Essa chanuquiá era um verdadeiro tesouro de
família. Confeccionada a mão por um grande artesão, havia sido encomendada por
um homem muito rico, que a queria dar de presente à sua filha por ocasião de
seu casamento com o filho de um grande rabino. Praticamente dois adolescentes,
a noiva com 14 anos e o noivo com 17, o casal recebeu inúmeros presentes, mas o
que mais lhes tocou foi a chanuquiá e um par de candelabros de prata para as
velas de Shabat ofertados por seguidores do pai do noivo, um conceituado
rabino.
Aqueles candelabros permaneceram com a noiva
até seus últimos dias de vida e a chanuquiá trouxe luz e felicidade ao seu lar,
durante oito noites de inverno, ano após ano, até o dia em que o filho mais
velho do casal, prestes a se tornar rabino, casou-se com a filha de outro
rabino. No dia do casamento, a chanuquiá, lustrada até brilhar como a própria
sabedoria, estava de pé sobre a mesa, coberta de presentes para os noivos.

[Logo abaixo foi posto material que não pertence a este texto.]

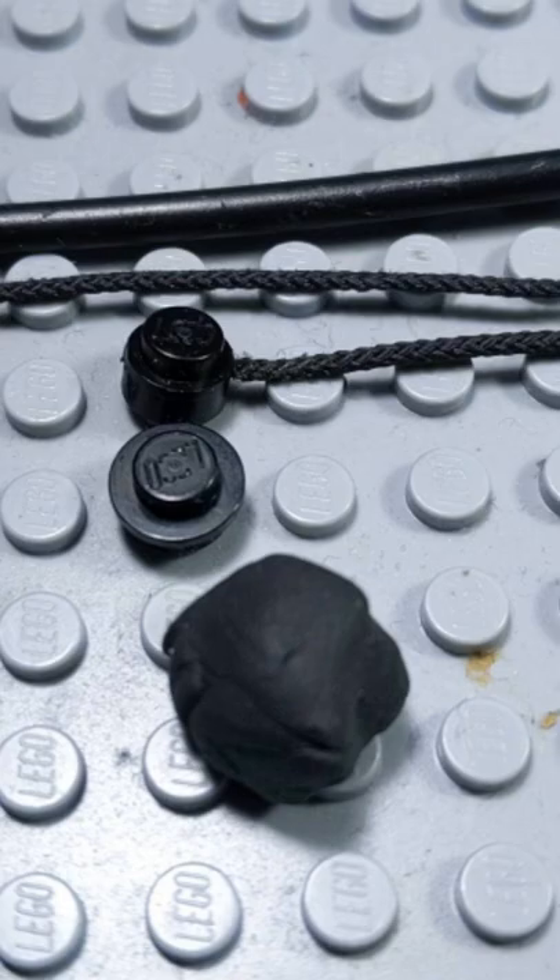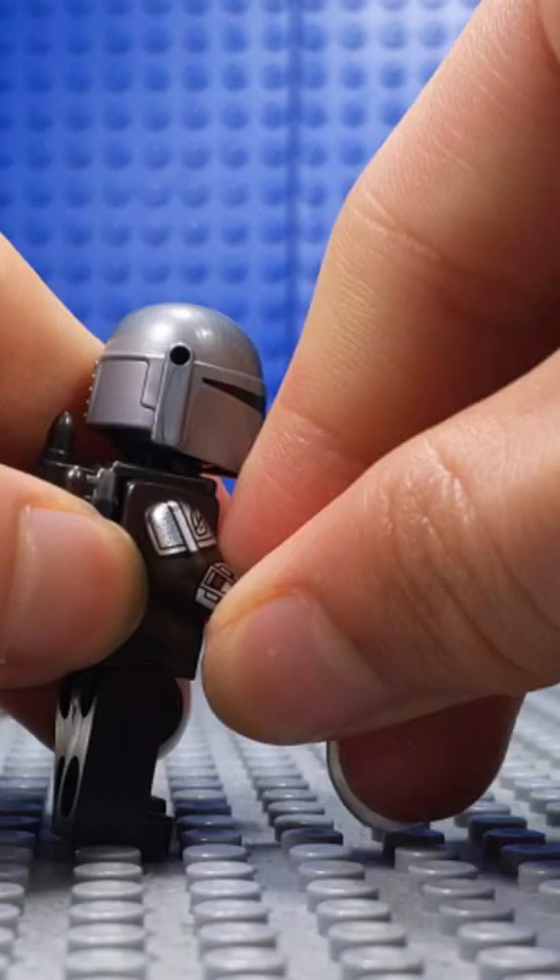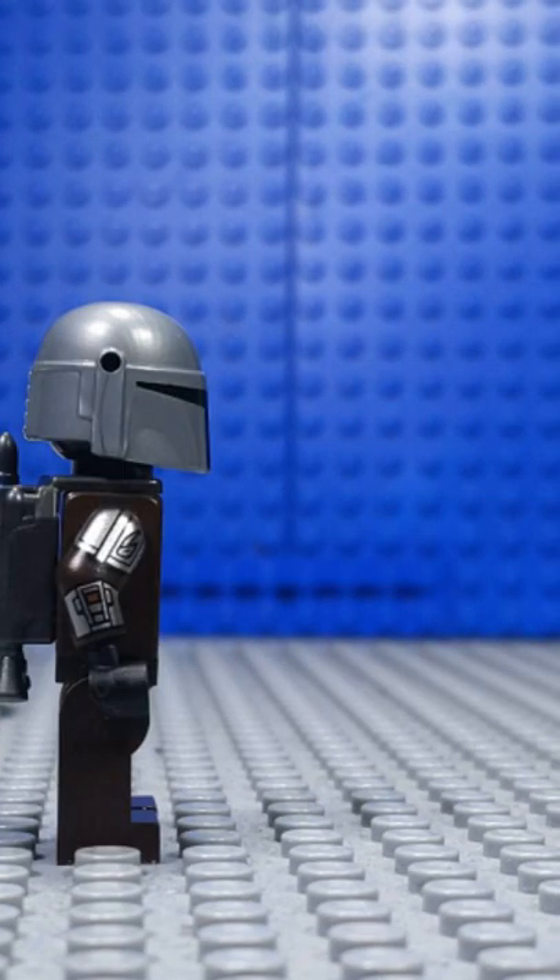Here are the pieces that you will be needing. The first way you can do this is by adding clay to a stud and then attaching it to the arm and then adding a bar.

Assim a chanuquiá foi passando de pai para
filho, de geração em geração, le'dor va'dor. Por 200 anos iluminou diferentes
lares, ouvindo as bênçãos de Chanucá pronunciadas por diferentes vozes. Não
foram poucas as vezes em que quase se perdeu. Certa vez, durante um pogrom,
enquanto o populacho saqueava e agredia os judeus, foi salva por seu dono, que
a colocou no fundo de um saco e, depois, baixou-a por uma corda até o fundo de
um poço d'água. Em outra ocasião, foi resgatada do lado do corpo de um ladrão
inconsciente, que fora atingido na cabeça com um bastão, por um vigia, enquanto
fugia com um saco carregado de peças roubadas. No incidente, a bela chanuquiá
ficou com um amassado em sua base.
Le'dor va'dor
De geração em geração, a bela peça seguiu seu
percurso através dos anos. Em 1941, as tropas nazistas conquistavam a Europa,
cidade após cidade, semeando violência e morte em seu caminho. Avram, o filho
mais velho de Moshé, o rabino do shtetl que se espalhava sobre metade da cidade
de Narodny, decidiu esconder a chanuquiá de prata que, há séculos, acompanhava
sua família. Cavou um buraco bem profundo na base de uma árvore antiga e
frondosa, no quintal de casa, e lá a enterrou cuidadosamente, muito bem
embrulhada em um lençol de linho.
Enquanto ia ao encontro de sua família para
contar o que acabara de fazer, deparou-se com seu pai, sua mãe e vários
vizinhos enfileirados do outro lado da floresta. Assistiu quando foram
impiedosamente fuzilados pelos nazistas. Viu também seus irmãos, Micha e
Rachel, e várias outras crianças sendo levados pelos nazistas em um caminhão.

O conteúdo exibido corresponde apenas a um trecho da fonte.